# Season recap and a new movie star!



## EdB (Feb 28, 2002)

Congrats Ack! Nice job on the video too. What a close up. You really thumped him too! Nice shot. If I'd a been one of those car's driving down the road, I'd probably cranked my neck and pulled over when I saw that great strutter in front of your blind. That would have been cool to watch it unfold live. Been seeing a lot in the fields around here lately. Good job!


----------



## iamafishnfool (Mar 22, 2007)

Cool video! Kinda reminded me of the shot i put on that turkey at the R100, only that one didn't flop as much. Nice Work.....Ruttin and Struttin video productions will be at your door soon!


----------



## Ack (Oct 3, 2004)

iamafishnfool said:


> Cool video! Kinda reminded me of the shot i put on that turkey at the R100, only that one didn't flop as much. Nice Work.....Ruttin and Struttin video productions will be at your door soon!


LOL...which one, the headshot? That was a classic! :lol:


Thanks for the compliments guys! I really love this turkey hunting stuff, but in a way I'm glad season is done......just ask Michiganbirdman, he can relate!


----------



## bigrackmack (Aug 10, 2004)

Ack, nice job on the bird and really enjoyed the video.........Mack


----------



## Ack (Oct 3, 2004)

Here are just a few of the other pics I took....found out how useful the self-timer is on the camera, LOL! 

*The Dave Smith hen waiting for some action.....*









*The crime scene.....*









*Red always looks good on an arrow.....*









*The hardware.....*









*.....and just another pic!* :coolgleam


----------



## SPITFIRE (Feb 10, 2005)

Congrates again Ack,and great pics as always.


----------



## Cuz (Jan 16, 2008)

Fantastic video. Congrats on your bird.


----------



## Lil' Tanker (Jan 9, 2002)

That decoy looks unbeleivable. How much does one of those cost?

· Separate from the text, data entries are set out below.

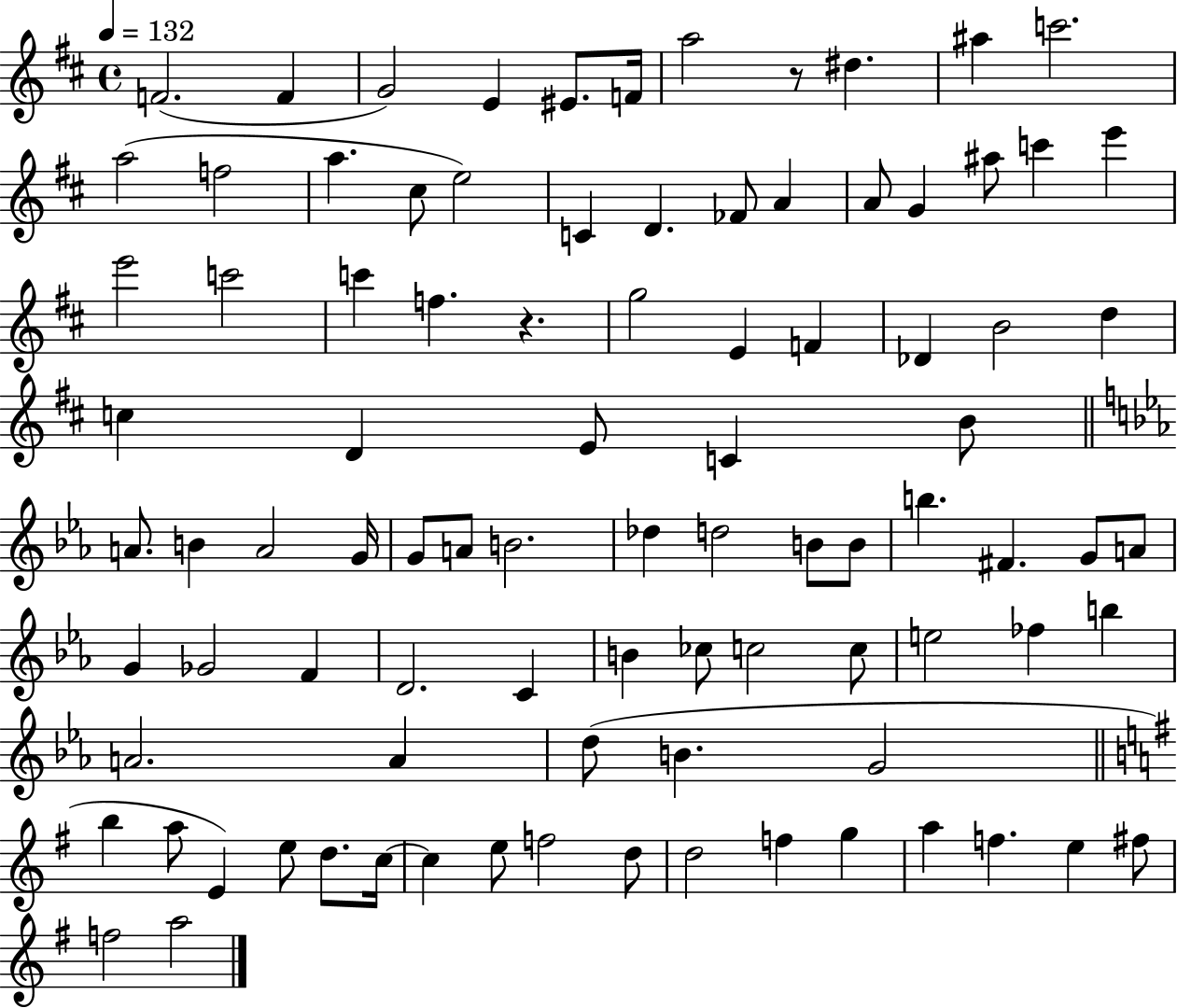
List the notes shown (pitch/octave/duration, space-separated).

F4/h. F4/q G4/h E4/q EIS4/e. F4/s A5/h R/e D#5/q. A#5/q C6/h. A5/h F5/h A5/q. C#5/e E5/h C4/q D4/q. FES4/e A4/q A4/e G4/q A#5/e C6/q E6/q E6/h C6/h C6/q F5/q. R/q. G5/h E4/q F4/q Db4/q B4/h D5/q C5/q D4/q E4/e C4/q B4/e A4/e. B4/q A4/h G4/s G4/e A4/e B4/h. Db5/q D5/h B4/e B4/e B5/q. F#4/q. G4/e A4/e G4/q Gb4/h F4/q D4/h. C4/q B4/q CES5/e C5/h C5/e E5/h FES5/q B5/q A4/h. A4/q D5/e B4/q. G4/h B5/q A5/e E4/q E5/e D5/e. C5/s C5/q E5/e F5/h D5/e D5/h F5/q G5/q A5/q F5/q. E5/q F#5/e F5/h A5/h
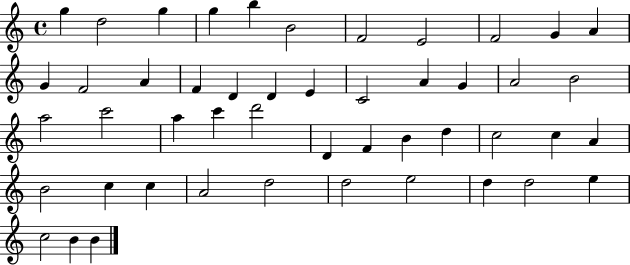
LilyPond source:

{
  \clef treble
  \time 4/4
  \defaultTimeSignature
  \key c \major
  g''4 d''2 g''4 | g''4 b''4 b'2 | f'2 e'2 | f'2 g'4 a'4 | \break g'4 f'2 a'4 | f'4 d'4 d'4 e'4 | c'2 a'4 g'4 | a'2 b'2 | \break a''2 c'''2 | a''4 c'''4 d'''2 | d'4 f'4 b'4 d''4 | c''2 c''4 a'4 | \break b'2 c''4 c''4 | a'2 d''2 | d''2 e''2 | d''4 d''2 e''4 | \break c''2 b'4 b'4 | \bar "|."
}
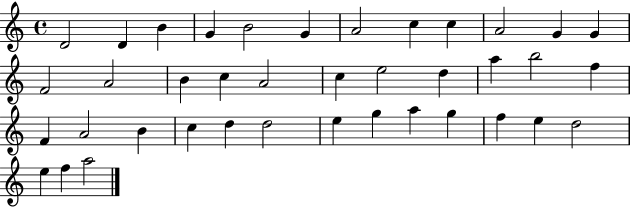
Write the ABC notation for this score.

X:1
T:Untitled
M:4/4
L:1/4
K:C
D2 D B G B2 G A2 c c A2 G G F2 A2 B c A2 c e2 d a b2 f F A2 B c d d2 e g a g f e d2 e f a2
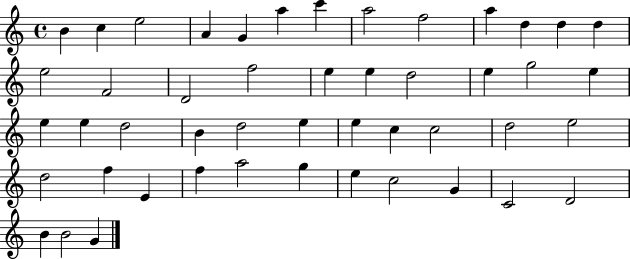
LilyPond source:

{
  \clef treble
  \time 4/4
  \defaultTimeSignature
  \key c \major
  b'4 c''4 e''2 | a'4 g'4 a''4 c'''4 | a''2 f''2 | a''4 d''4 d''4 d''4 | \break e''2 f'2 | d'2 f''2 | e''4 e''4 d''2 | e''4 g''2 e''4 | \break e''4 e''4 d''2 | b'4 d''2 e''4 | e''4 c''4 c''2 | d''2 e''2 | \break d''2 f''4 e'4 | f''4 a''2 g''4 | e''4 c''2 g'4 | c'2 d'2 | \break b'4 b'2 g'4 | \bar "|."
}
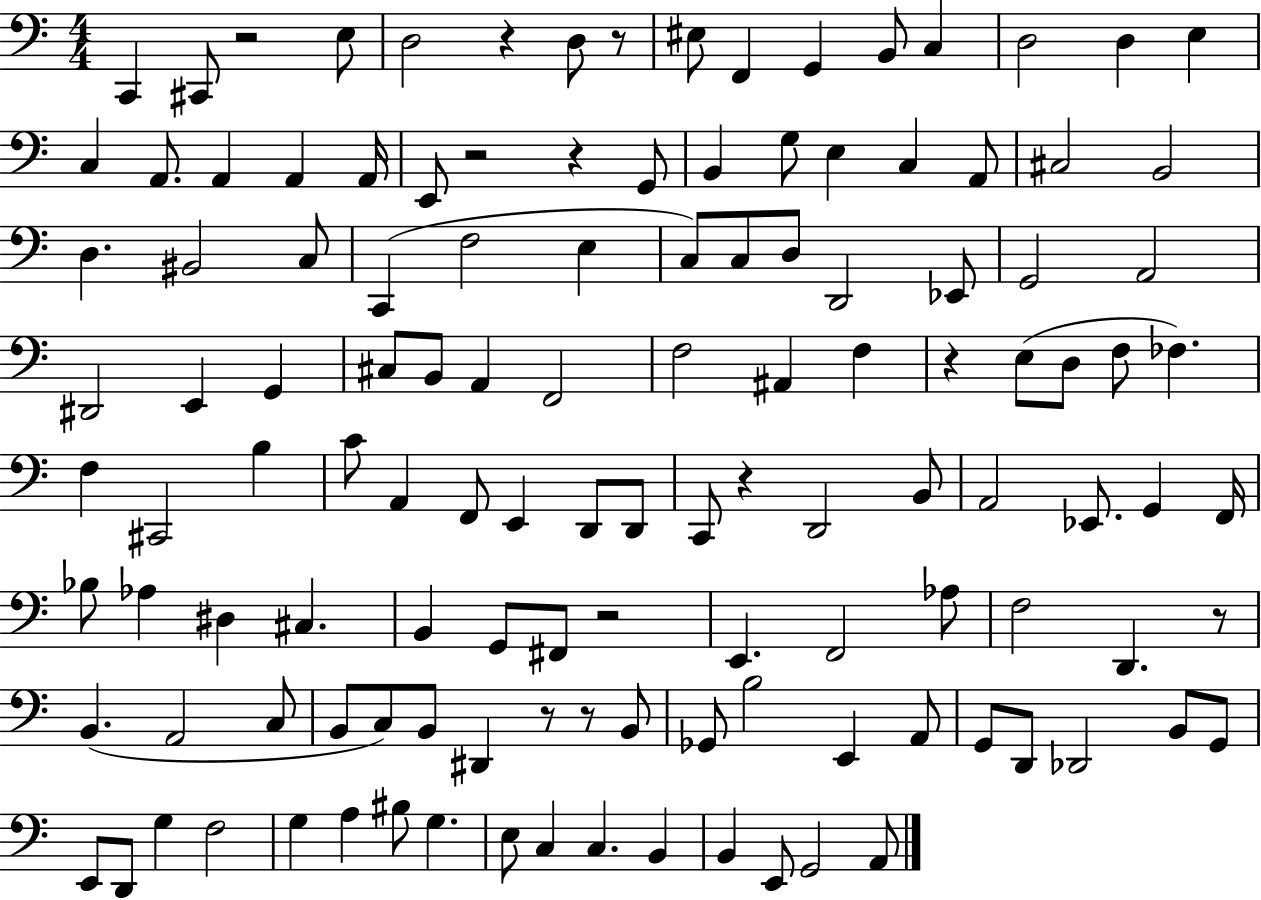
{
  \clef bass
  \numericTimeSignature
  \time 4/4
  \key c \major
  c,4 cis,8 r2 e8 | d2 r4 d8 r8 | eis8 f,4 g,4 b,8 c4 | d2 d4 e4 | \break c4 a,8. a,4 a,4 a,16 | e,8 r2 r4 g,8 | b,4 g8 e4 c4 a,8 | cis2 b,2 | \break d4. bis,2 c8 | c,4( f2 e4 | c8) c8 d8 d,2 ees,8 | g,2 a,2 | \break dis,2 e,4 g,4 | cis8 b,8 a,4 f,2 | f2 ais,4 f4 | r4 e8( d8 f8 fes4.) | \break f4 cis,2 b4 | c'8 a,4 f,8 e,4 d,8 d,8 | c,8 r4 d,2 b,8 | a,2 ees,8. g,4 f,16 | \break bes8 aes4 dis4 cis4. | b,4 g,8 fis,8 r2 | e,4. f,2 aes8 | f2 d,4. r8 | \break b,4.( a,2 c8 | b,8 c8) b,8 dis,4 r8 r8 b,8 | ges,8 b2 e,4 a,8 | g,8 d,8 des,2 b,8 g,8 | \break e,8 d,8 g4 f2 | g4 a4 bis8 g4. | e8 c4 c4. b,4 | b,4 e,8 g,2 a,8 | \break \bar "|."
}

Nice bird, video, and pics


----------



## HunterHawk (Dec 8, 2005)

i had a dream lastnight i shot a bear and a deer back to back with a rage :lol: dont tell my spitfires this.... :lol:


----------



## Ack (Oct 3, 2004)

HunterHawk said:


> i had a dream lastnight i shot a bear and a deer back to back with a rage :lol: dont tell my spitfires this.... :lol:


....


----------



## Ack (Oct 3, 2004)

Lil' Tanker said:


> That decoy looks unbeleivable. How much does one of those cost?
> 
> Nice bird, video, and pics


A small fortune, LOL, but after seeing the decoy work it's magic this week it was worth every penny! :coolgleam

http://davesmithdecoys.com/shop/index.php?act=viewCat&catId=18


----------



## koz bow (Nov 18, 2006)

Ack - that is an absolutely terrific video! Wow! It does not matter what the bird scores, you get a 10 for the footage. Congratulations. I have to get one of those digital cameras so I can start taping kills shots, and yes, I need to drop the gun on turkeys and move to a bow. If Craig gives me a hard time again about the scatter gun, I will just ask him how many bucks or turkeys he shot this season.:lol::lol::lol:

Great job, and thanks for posting this.


----------



## Firefighter (Feb 14, 2007)

QDMAMAN said:


> Sweet! When you were turning your camera it sounded like you were dialing up an old rotary phone to give FireFighter a kill report.:lol:
> Hey, forward this video to Linda G. for us would ya?:evilsmile
> Congrats on a GREAT hunt and bird!
> 
> Big T


 
LMAO!

He really did call me before he walked up to the bird!!!


----------



## HunterHawk (Dec 8, 2005)

koz i may be going home in november for the rut :lol: no need to hate just yet... if i go 3 days before gun season im guranteed to miss a big buck:lol:


----------



## Wally Gator (Sep 21, 2007)

Congrats on a nice gobbler, and that video was the BOMB!!! My hunt mirrored yours except my bird walked in strait at me, and I shot him facing me. Again, (and I say this with my foot in my mouth), turkey hunting with a bow is way harder than with a gun!!! :lol: Kudos, Mr. Consistant :coolgleam


----------



## Ack (Oct 3, 2004)

Wally Gator said:


> Congrats on a nice gobbler, and that video was the BOMB!!! My hunt mirrored yours except my bird walked in strait at me, and I shot him facing me. Again, (and I say this with my foot in my mouth), turkey hunting with a bow is way harder than with a gun!!! :lol: Kudos, Mr. Consistant :coolgleam


Thanks...I wish he would have come straight in so I could've given him a face full of Bullhead :evil:, but it just didn't work out this time. This scenario is the reason why I carry mechanicals along with my Bullheads.


----------



## OMhunter (Jul 5, 2006)

Great video!!!! Thanks for the story!!!


----------



## old graybeard (Jan 19, 2006)

Congrats on the bird and the video, well done!


----------



## deathfromabove (Mar 2, 2005)

awesome man!!!!!!!!!!!!

I bet all those scattergun dudes are feeling purdy impotent .......


----------



## QDMAMAN (Dec 8, 2004)

> deathfromabove said:
> 
> 
> > I bet all those scattergun dudes are feeling purdy impotent .......


I'm important!


----------